Flurry of Activity by Governor Newsom Could Foreshadow Presidential Run

Should Mr. Newsom choose to wait until 2028 to seek the White House, it is almost guaranteed he will face a bevy of other candidates.

Karl Mondon/Bay Area News Group via AP, file
Governor Newsom at Palo Alto January 26, 2022. Karl Mondon/Bay Area News Group via AP, file

A whirlwind of activity for Governor Newsom — including the unexpected veto of a bill pertaining to transgender children — could signal that a stealth primary challenge to President Biden, whose political standing seems to weaken by the hour, might be in the works. 

Late on Friday, the Coast governor announced that he had vetoed Assembly Bill 957, which would have required judges during custody battles to consider “a parent’s affirmation of the child’s gender identity or gender expression.”

Mr. Newsom wrote in a message to his legislature that the narrow consideration of a child’s identity as transgender could be weaponized by conservative governors who may attempt to use a “single characteristic” to decide the fate of custody battles. 

“I urge caution when the Executive and Legislative branches of state government attempt to dictate — in prescriptive terms that single out one characteristic — legal standards for the Judicial branch to apply,” the governor wrote. “Other-minded elected officials, in California and other states, could very well use this strategy to diminish the civil rights of vulnerable communities.”

A state senator from San Francisco who has taken the lead in making California a “sanctuary state” for unaccompanied transgender minors, Scott Wiener, called Mr. Newsom’s veto “a tragedy” on the social media platform X. 

“These kids are living in fear, with right wing politicians working to out them, deny them health care, ban them from sports and restrooms and erase their humanity,” Mr. Wiener wrote. “The level of right wing misinformation about this bill was astounding.”

Mr. Wiener added that “All the bill did was ensure that in custody disputes, a court would take into account the kid’s gender identity and whether parents would be supportive of the kid as opposed to tormenting the kid.”

The California LGBTQ Legislative Caucus also released a statement condemning the veto. “Divorces are difficult enough — adding the fear of being placed with a parent that does not respect their authentic self is simply cruel,” the group said. 

The next day, however, Mr. Newsom signed a bill that allows transgender children in foster care to avoid foster homes that they feel are hostile to their gender identity. He also signed legislation that mandates that all California teachers must take LGBT “cultural competency” courses. 

“California is proud to have some of the most robust laws in the nation when it comes to protecting and supporting our LGBTQ+ community, and we’re committed to the ongoing work to create safer, more inclusive spaces for all Californians,” the governor said in a statement

The governor has consistently denied he will run against the president, but new polling may drive donors and powerful Democrats to his doorstep, urging him to run. New polling suggests Mr. Biden is an incredibly weak standard-bearer for the Democratic party. 

A poll, released Sunday by the Washington Post and ABC News, suggests that President Trump is leading Mr. Biden by ten points in a general election rematch, 52–42. The poll also shows that the vast majority of Democrats want to see someone other than the president lead their party in 2024, though those same voters do not know around whom they may coalesce as no candidate has entered the race.
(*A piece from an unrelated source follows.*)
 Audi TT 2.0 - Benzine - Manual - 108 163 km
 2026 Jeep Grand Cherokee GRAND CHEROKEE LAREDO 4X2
Mr. Newsom will be deployed to this week’s Republican presidential primary debate at the Ronald Reagan Presidential Library in California as a surrogate for Mr. Biden, Axios reported. The chairman of the Democratic National Committee, Jamie Harrison, and Mr. Biden’s 2024 campaign manager will join the governor in counterprogramming the GOP debate. 
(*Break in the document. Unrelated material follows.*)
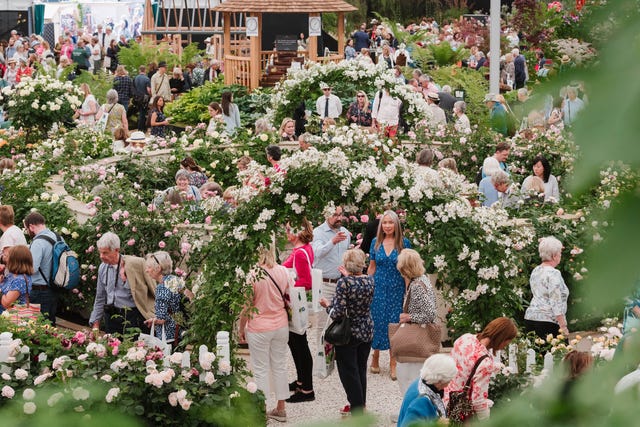 udsigt over den store pavillon fyldt med besøgende på rhs chelsea blomsterudstilling 2019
Should Mr. Newsom choose to pass on 2024 and wait until 2028 to seek the White House, it is almost guaranteed he will face a bevy of candidates who have more impressive policy wins for Democrats than the Gold Coast governor. 

Governor Whitmer, a woman who improbably won her second term by double-digits and flipped control of her state legislature to blue from red, has ridden a wave of positive press coverage in recent months.

Her victory last year came on the same night Michigan voters codified abortion rights in their constitution — a measure she strongly backed. Her legislative accomplishments in just eight months are numerous, including ending Michigan’s status as a “right to work” state and banning conversion therapy. 

Governor Pritzker of Illinois — a man who has won friends in the Biden orbit for his deep pockets — moved to ban so-called assault weapons this year to the joy of many Democrats, and lambasted the firearms industry following a mass shooting at a Chicago suburb, winning national media attention.

The billionaire heir to the Hyatt hotel fortune could bankroll a primary and a general election campaign using his wallet alone. 

The new Maryland governor, Wes Moore, an Army combat veteran, Rhodes scholar, and political outsider, has already been profiled by national media outlets and even had Oprah Winfrey introduce him at his inauguration earlier this year.